**Action item:** Pictures aside, repeat the listing below exactly.

**Supplied data:**
=====
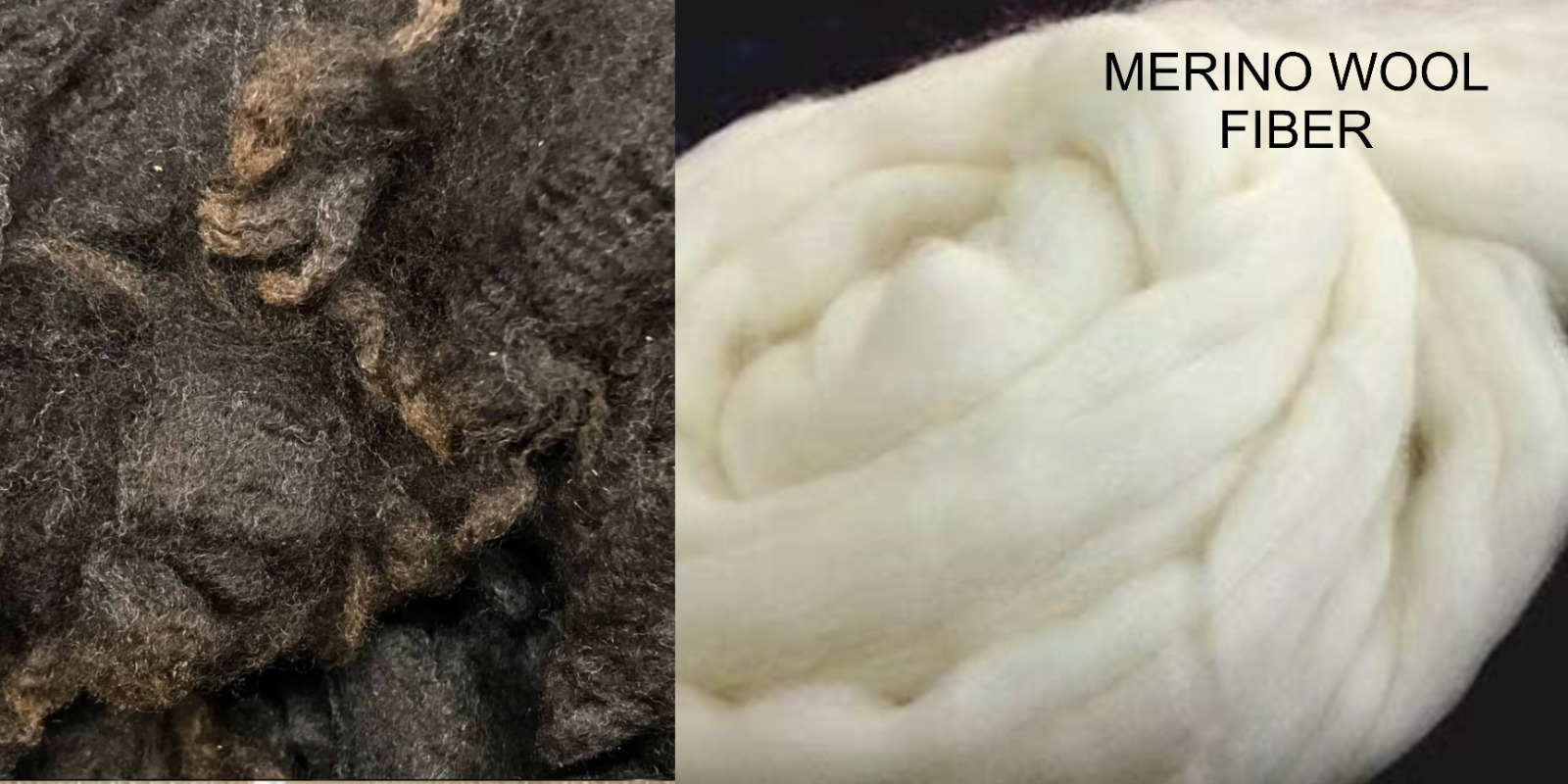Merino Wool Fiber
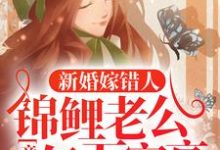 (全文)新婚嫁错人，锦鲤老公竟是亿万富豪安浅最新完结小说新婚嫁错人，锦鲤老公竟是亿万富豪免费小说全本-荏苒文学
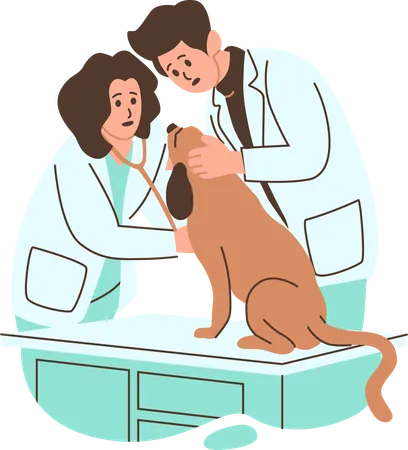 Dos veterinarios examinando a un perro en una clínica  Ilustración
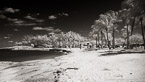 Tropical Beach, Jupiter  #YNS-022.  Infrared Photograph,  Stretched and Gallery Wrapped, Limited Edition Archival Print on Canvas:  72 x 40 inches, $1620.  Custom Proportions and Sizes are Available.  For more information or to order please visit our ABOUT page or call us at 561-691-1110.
=====
**Solution to this exercise:**
Merino Wool Fiber
 (全文)新婚嫁错人，锦鲤老公竟是亿万富豪安浅最新完结小说新婚嫁错人，锦鲤老公竟是亿万富豪免费小说全本-荏苒文学
 Dos veterinarios examinando a un perro en una clínica  Ilustración
 Tropical Beach, Jupiter  #YNS-022.  Infrared Photograph,  Stretched and Gallery Wrapped, Limited Edition Archival Print on Canvas:  72 x 40 inches, $1620.  Custom Proportions and Sizes are Available.  For more information or to order please visit our ABOUT page or call us at 561-691-1110.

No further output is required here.